Of course, it always ends up taking forever to write in them too.

But, years ago, when my grandmother (who died nearly two years ago) finished writing her life story for us, she told me that there was one thing that had been very helpful, and that was keeping a diary. Or so I remember. Noone in the family seems to think she kept a diary of any form, except possibly an appointments book.

In any case, that was something to feel guilty about. I didn’t have a record of my life for myself when I got older, or when my grandchildren wanted to know.

I ended up keeping an online diary due to my growing appetite for them. I felt like if I was going to consume the details of people’s lives (and I really do like reading the daily details of people’s lives, it’s only television snobbery that keeps me away from reality TV, I’m sure) then I should write about mine.

And so I have, for nearly two years now. And I’ve really enjoyed it.

People wonder how I can stand writing a diary that is emotionally bland, or relatively so. The secret is: I can’t write for myself, I can only write for an audience. I have tried to write for myself; I’ve tried to keep diaries, I’ve tried to write essays, and I’ve tried to be a poet. But the only thing that keeps me writing is a feeling that I’m writing for other people.

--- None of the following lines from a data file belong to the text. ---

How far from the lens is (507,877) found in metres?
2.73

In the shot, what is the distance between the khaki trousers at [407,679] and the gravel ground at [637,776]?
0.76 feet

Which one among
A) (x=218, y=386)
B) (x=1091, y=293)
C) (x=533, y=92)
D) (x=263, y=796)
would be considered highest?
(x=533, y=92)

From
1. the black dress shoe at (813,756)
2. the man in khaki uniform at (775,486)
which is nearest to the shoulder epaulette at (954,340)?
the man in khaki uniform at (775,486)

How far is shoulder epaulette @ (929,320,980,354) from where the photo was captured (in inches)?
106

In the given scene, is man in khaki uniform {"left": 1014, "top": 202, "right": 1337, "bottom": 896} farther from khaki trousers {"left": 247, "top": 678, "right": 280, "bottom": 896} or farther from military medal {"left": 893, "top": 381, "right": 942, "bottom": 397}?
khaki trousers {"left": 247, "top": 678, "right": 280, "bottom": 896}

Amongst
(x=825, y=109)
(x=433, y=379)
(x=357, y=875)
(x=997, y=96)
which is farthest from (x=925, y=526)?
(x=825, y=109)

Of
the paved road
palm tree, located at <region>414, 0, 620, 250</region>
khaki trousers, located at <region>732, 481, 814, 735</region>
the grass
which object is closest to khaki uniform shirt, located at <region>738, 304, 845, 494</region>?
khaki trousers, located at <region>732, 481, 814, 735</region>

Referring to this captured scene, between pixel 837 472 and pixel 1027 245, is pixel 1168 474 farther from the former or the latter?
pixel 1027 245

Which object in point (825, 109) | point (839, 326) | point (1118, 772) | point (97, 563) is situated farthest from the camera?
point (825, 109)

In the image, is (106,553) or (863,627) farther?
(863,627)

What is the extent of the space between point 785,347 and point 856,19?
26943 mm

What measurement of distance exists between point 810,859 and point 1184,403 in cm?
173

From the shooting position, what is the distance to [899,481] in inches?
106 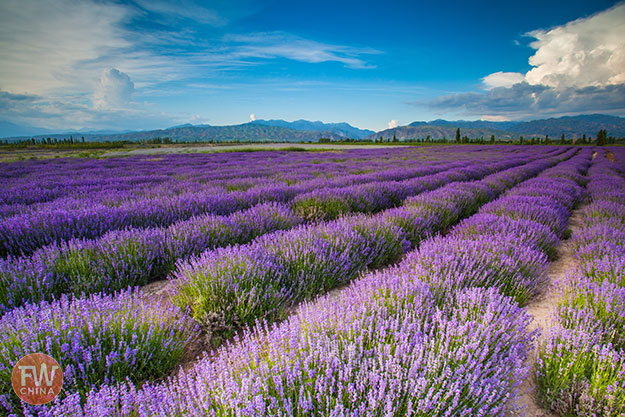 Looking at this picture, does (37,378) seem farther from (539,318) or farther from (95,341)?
(539,318)

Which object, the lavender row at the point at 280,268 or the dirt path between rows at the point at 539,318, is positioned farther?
the lavender row at the point at 280,268

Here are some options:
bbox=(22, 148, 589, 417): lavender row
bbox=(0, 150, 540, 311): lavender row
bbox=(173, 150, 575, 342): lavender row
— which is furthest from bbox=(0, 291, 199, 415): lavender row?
bbox=(0, 150, 540, 311): lavender row

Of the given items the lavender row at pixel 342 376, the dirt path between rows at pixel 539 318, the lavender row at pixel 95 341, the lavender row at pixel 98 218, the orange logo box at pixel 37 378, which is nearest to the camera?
the lavender row at pixel 342 376

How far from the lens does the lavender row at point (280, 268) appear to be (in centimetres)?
209

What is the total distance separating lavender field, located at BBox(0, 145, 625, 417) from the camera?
1.12 metres

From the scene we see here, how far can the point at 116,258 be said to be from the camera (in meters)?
2.60

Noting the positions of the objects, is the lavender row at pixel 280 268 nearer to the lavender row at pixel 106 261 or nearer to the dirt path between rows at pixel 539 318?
the lavender row at pixel 106 261

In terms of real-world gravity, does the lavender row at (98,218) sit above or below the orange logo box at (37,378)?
above

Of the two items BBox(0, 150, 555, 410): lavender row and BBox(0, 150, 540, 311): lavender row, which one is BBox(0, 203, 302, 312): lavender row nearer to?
BBox(0, 150, 540, 311): lavender row

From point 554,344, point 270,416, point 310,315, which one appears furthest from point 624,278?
point 270,416

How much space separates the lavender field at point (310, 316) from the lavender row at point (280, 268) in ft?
0.06

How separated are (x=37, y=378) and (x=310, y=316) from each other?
4.04 ft

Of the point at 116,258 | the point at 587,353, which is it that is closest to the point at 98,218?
the point at 116,258

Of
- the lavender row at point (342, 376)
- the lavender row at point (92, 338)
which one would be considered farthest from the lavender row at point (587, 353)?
the lavender row at point (92, 338) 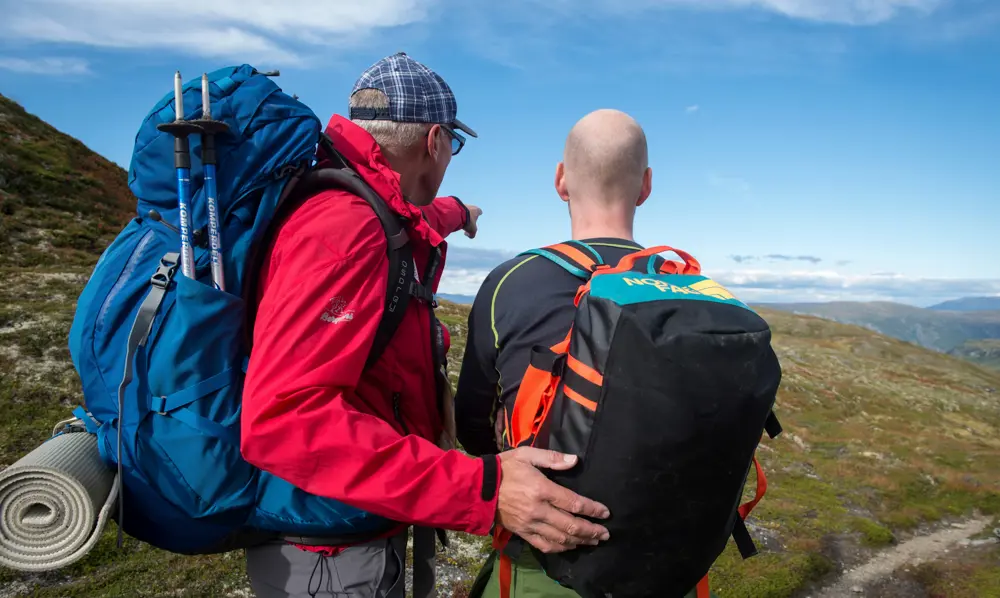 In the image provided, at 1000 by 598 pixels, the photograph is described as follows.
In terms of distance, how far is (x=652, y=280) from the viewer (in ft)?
12.5

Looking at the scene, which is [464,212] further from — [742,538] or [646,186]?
[742,538]

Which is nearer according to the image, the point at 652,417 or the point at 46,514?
the point at 652,417

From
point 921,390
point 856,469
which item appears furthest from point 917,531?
point 921,390

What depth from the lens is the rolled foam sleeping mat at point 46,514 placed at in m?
3.45

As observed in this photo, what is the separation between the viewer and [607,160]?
188 inches

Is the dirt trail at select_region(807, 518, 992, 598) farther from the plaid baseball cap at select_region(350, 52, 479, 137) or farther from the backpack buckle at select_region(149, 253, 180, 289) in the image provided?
the backpack buckle at select_region(149, 253, 180, 289)

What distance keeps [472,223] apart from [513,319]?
10.9 feet

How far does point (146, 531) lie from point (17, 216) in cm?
4220

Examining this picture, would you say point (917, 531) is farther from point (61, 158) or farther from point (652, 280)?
point (61, 158)

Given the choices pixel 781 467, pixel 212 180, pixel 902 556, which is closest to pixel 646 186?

I don’t really use my diary as an emotional outlet – not an unthrottled one anyway. Rather, I use my diary as a writing exercise, as a record of my day-to-day. Already, there’s memories that are only ever invoked by rereading my diary, events that I now think would be lost to me without the diary.

I use it to practice writing. I use it to tell my mother details of my life that she would never hear in our weekly phone conversations.

It helped me discover that writing is something I really enjoy, and that’s something that forcing myself to pour my fifteen year old heart out to paper journals I’ve never reread couldn’t do.